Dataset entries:
+===+
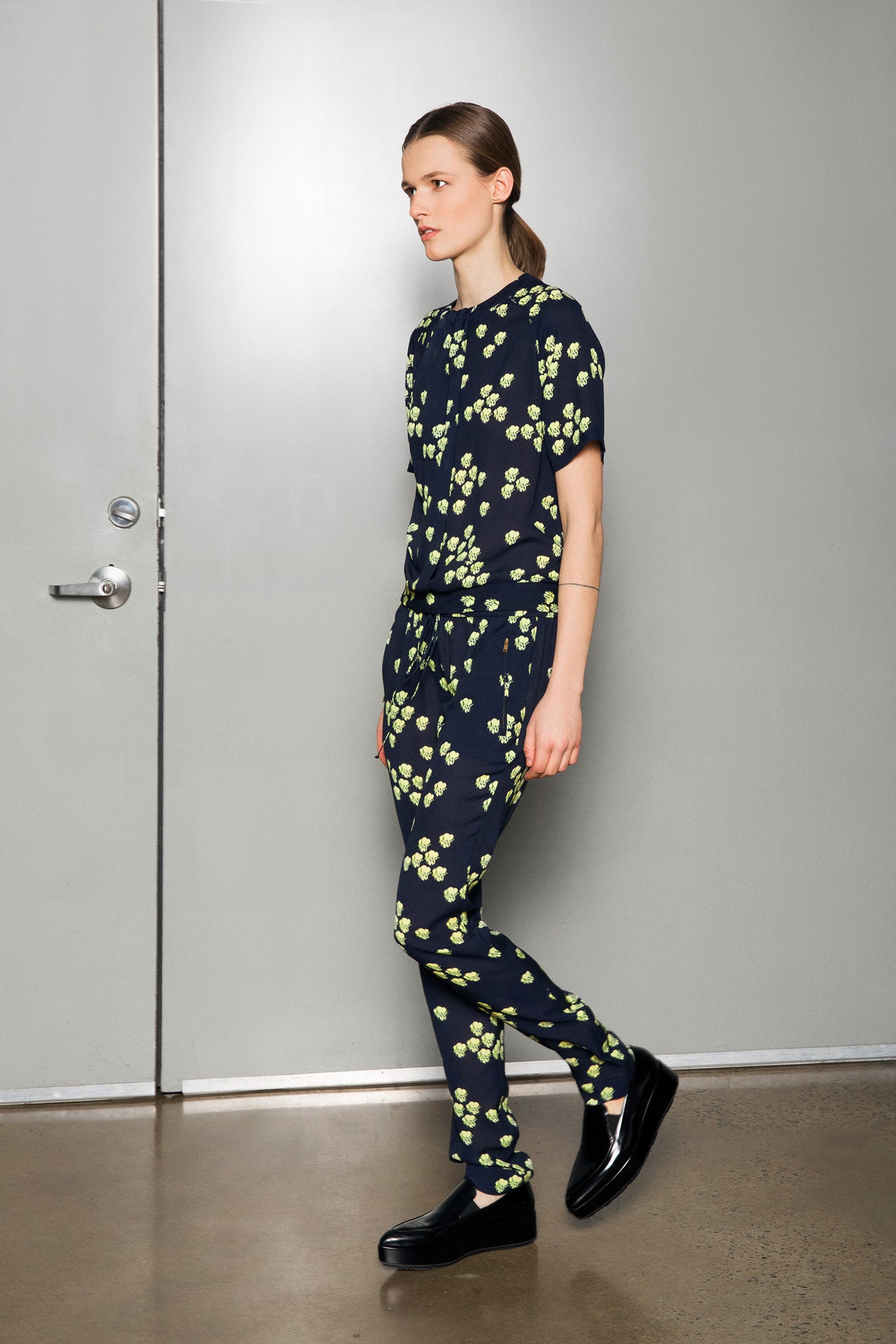 black and green printed top and pants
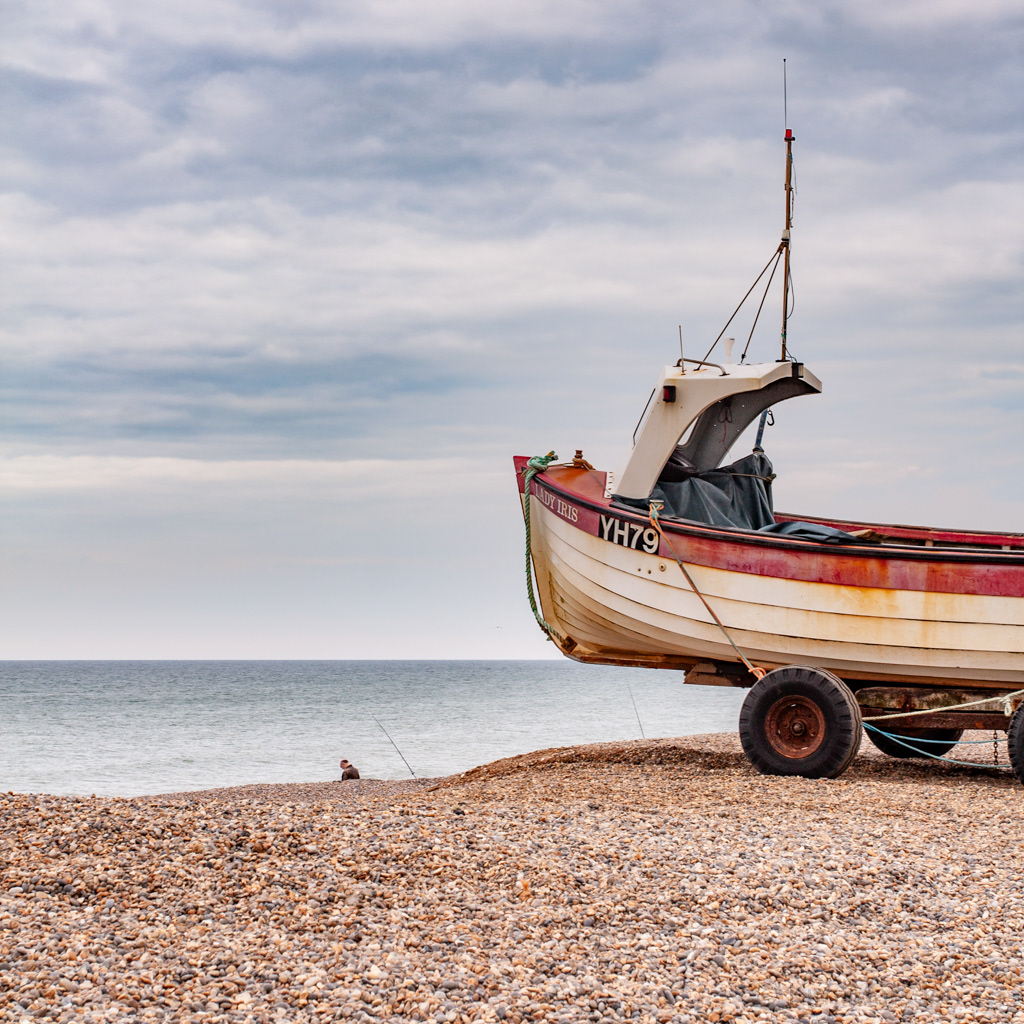 A Lone Norfolk fisherman overlooked by the fishing boat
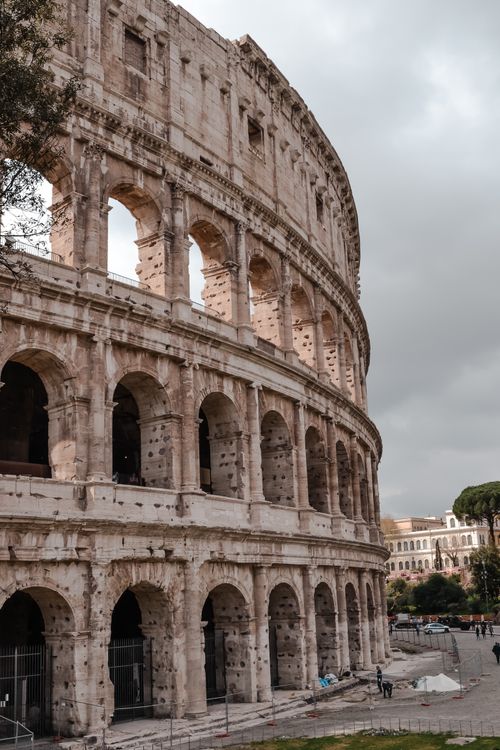 Free A captivating exterior view of the historic Colosseum in Rome, perfect for travel and history enthusiasts. Stock Photo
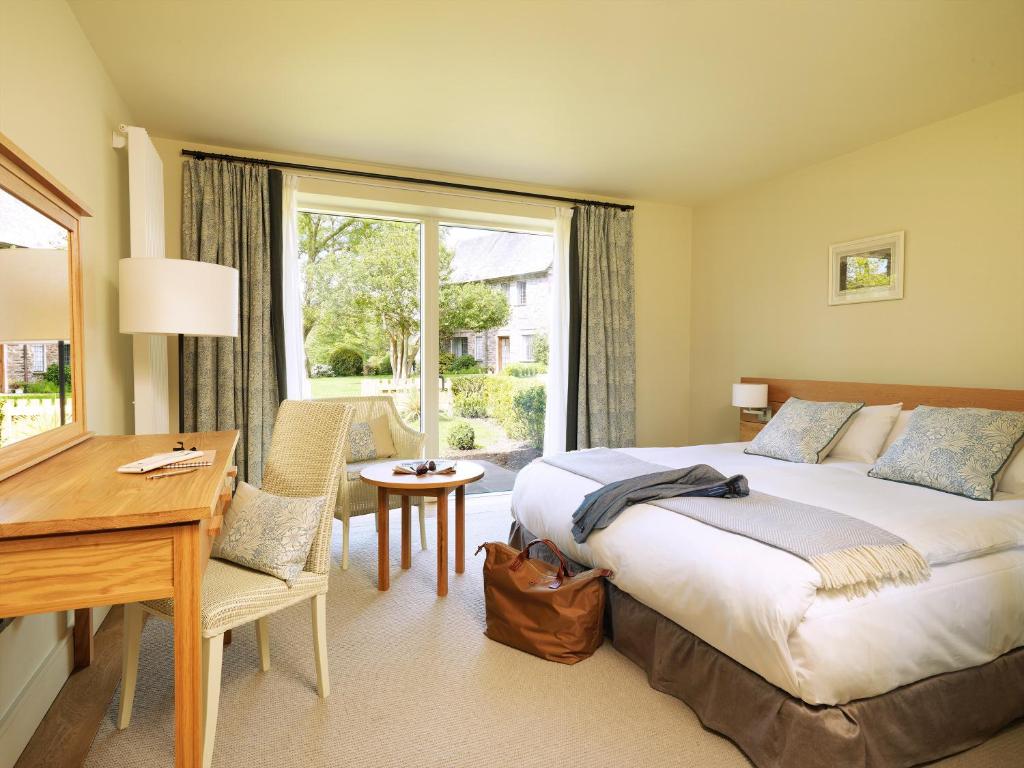 Voodi või voodid majutusasutuse Ard na Sidhe Country House Hotel toas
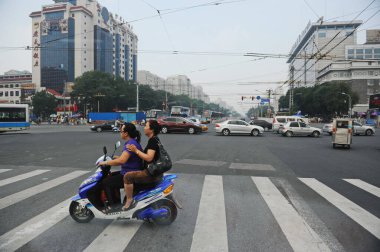 Pekin / Çin - 08.06.2012: İki kişi bir motosikletle ana caddelerde ilerliyor
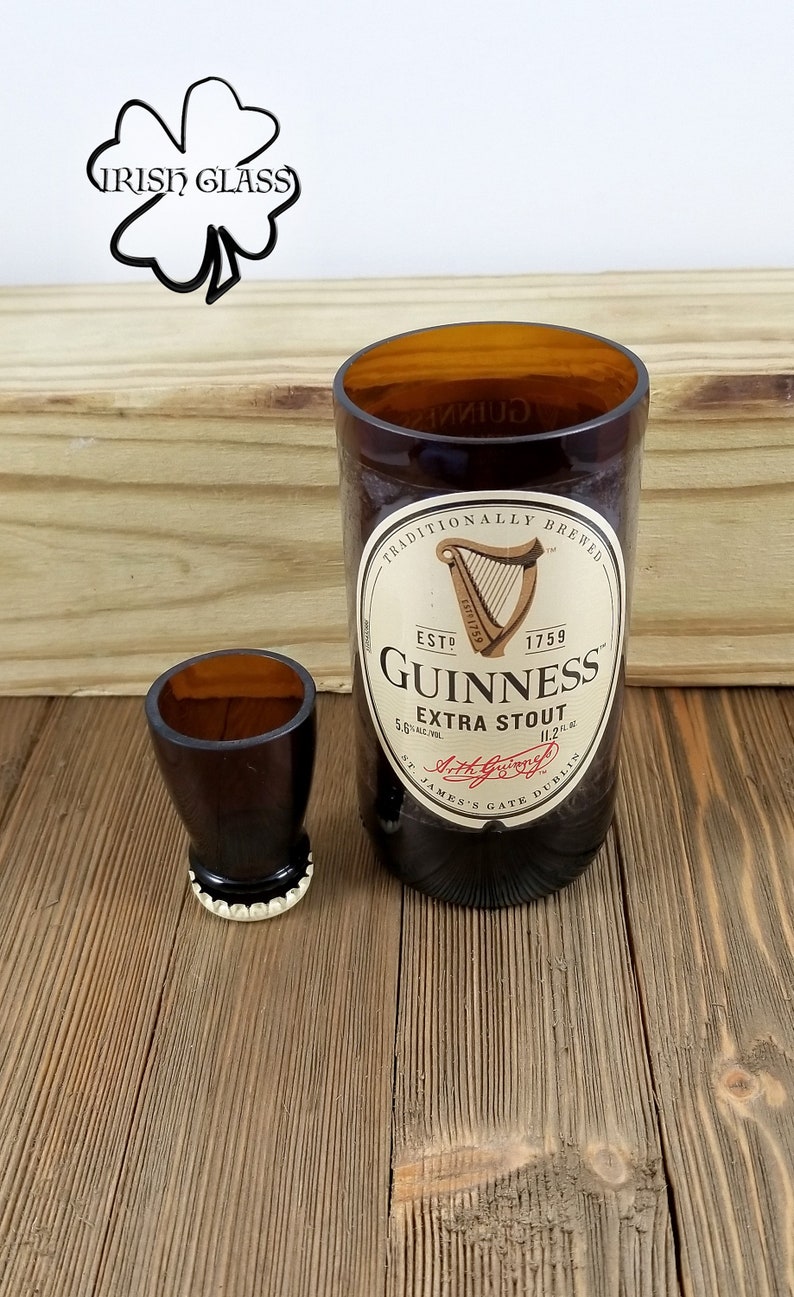 May include: Two brown glass shot glasses, one larger than the other. The larger glass is a repurposed Guinness beer bottle with the label visible. The label reads "Traditionally Brewed", "Est 1759", "Guinness", "Extra Stout", "St. James's Gate Dublin".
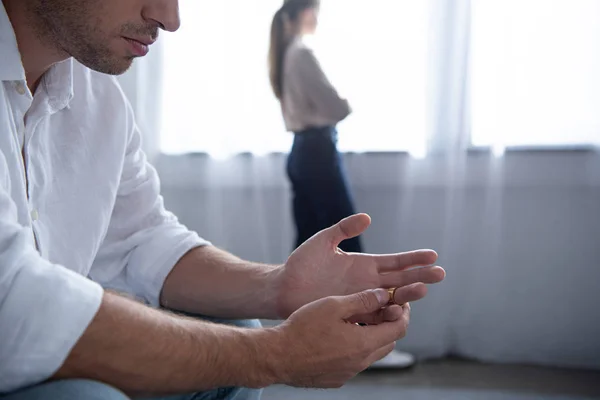 Partial view of man taking off ring and woman standing near window — Stock Photo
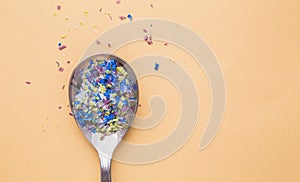 Environmental pollution and water microplastic. Micro plastic with spoon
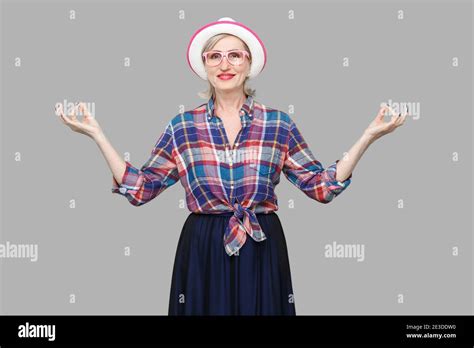 Portrait Of Calm Modern Stylish Mature Woman In Casual Style With Hat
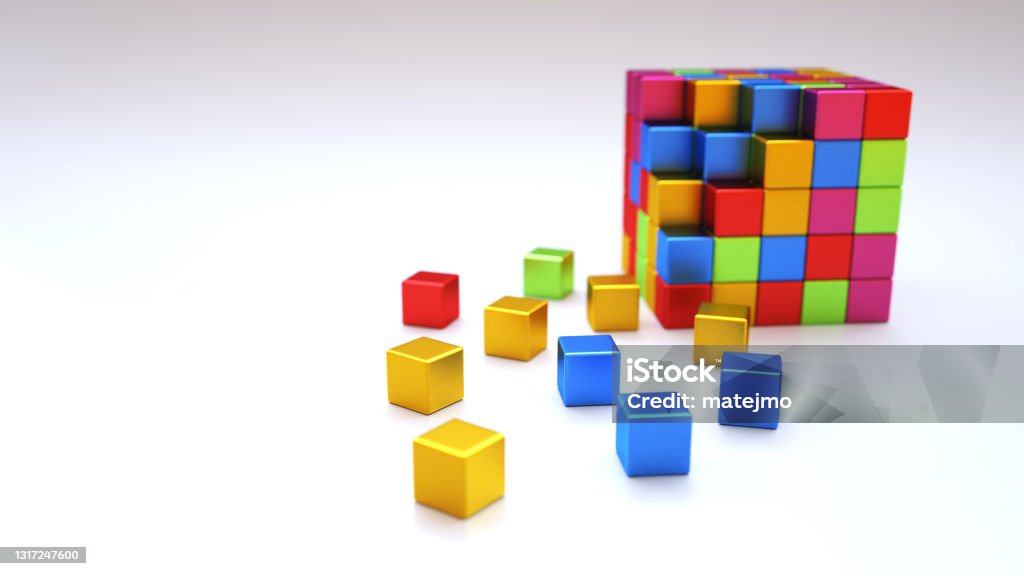 An abstract colorful structure made out of shiny metallic cube blocks on a dark wooden surface Puzzle Cube Stock Photo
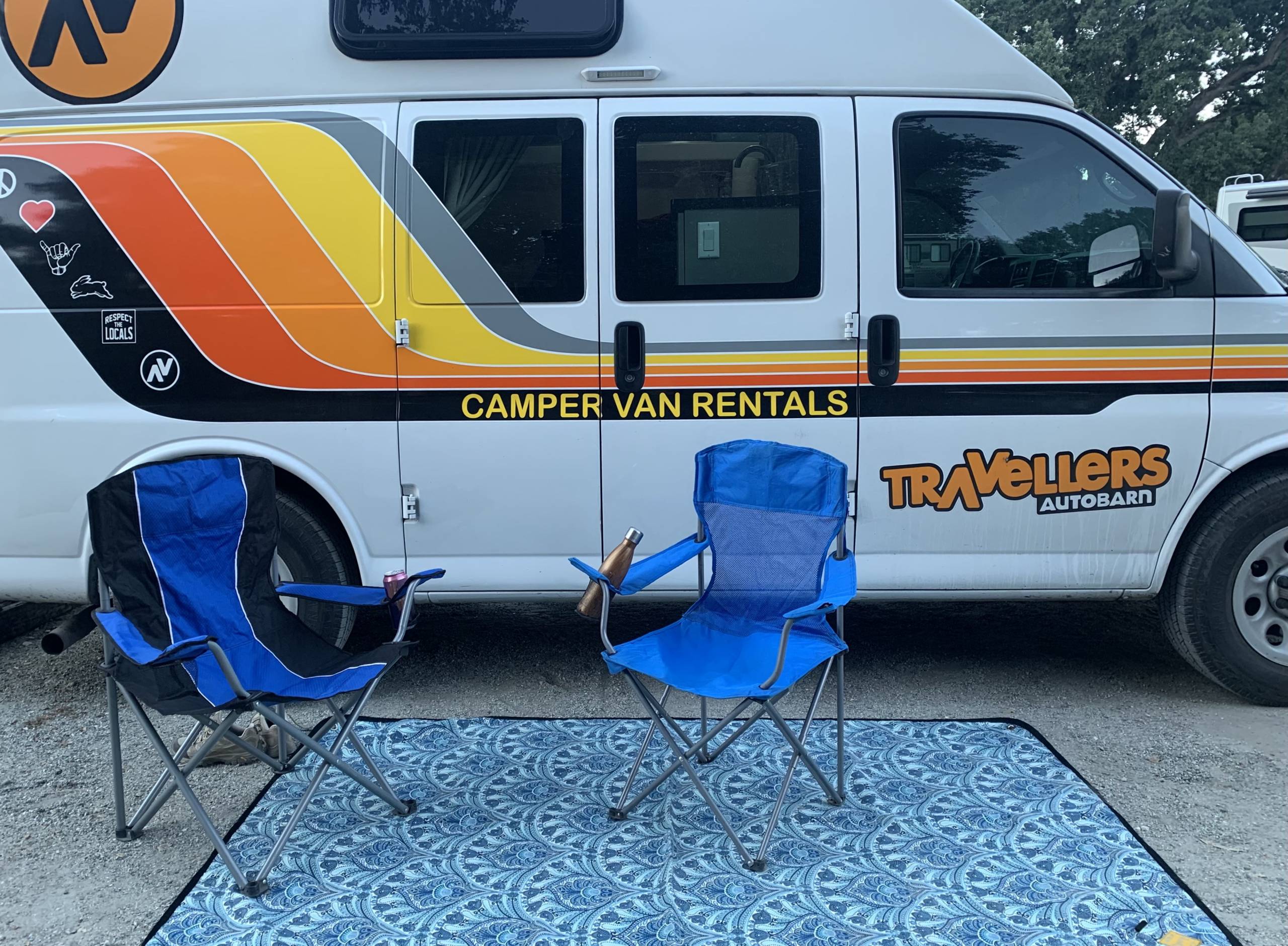 Travellers Autobarn campervan at camp with camp chairs and a blanket outdoors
+===+
> EXERCISE DIRECTIONS
Return the entries unchanged, save for the pictures, which do not belong in the copy.

> RESULT FOR THIS EXERCISE
 black and green printed top and pants
 A Lone Norfolk fisherman overlooked by the fishing boat
 Free A captivating exterior view of the historic Colosseum in Rome, perfect for travel and history enthusiasts. Stock Photo
 Voodi või voodid majutusasutuse Ard na Sidhe Country House Hotel toas
 Pekin / Çin - 08.06.2012: İki kişi bir motosikletle ana caddelerde ilerliyor
 May include: Two brown glass shot glasses, one larger than the other. The larger glass is a repurposed Guinness beer bottle with the label visible. The label reads "Traditionally Brewed", "Est 1759", "Guinness", "Extra Stout", "St. James's Gate Dublin".
 Partial view of man taking off ring and woman standing near window — Stock Photo
 Environmental pollution and water microplastic. Micro plastic with spoon
 Portrait Of Calm Modern Stylish Mature Woman In Casual Style With Hat
 An abstract colorful structure made out of shiny metallic cube blocks on a dark wooden surface Puzzle Cube Stock Photo
 Travellers Autobarn campervan at camp with camp chairs and a blanket outdoors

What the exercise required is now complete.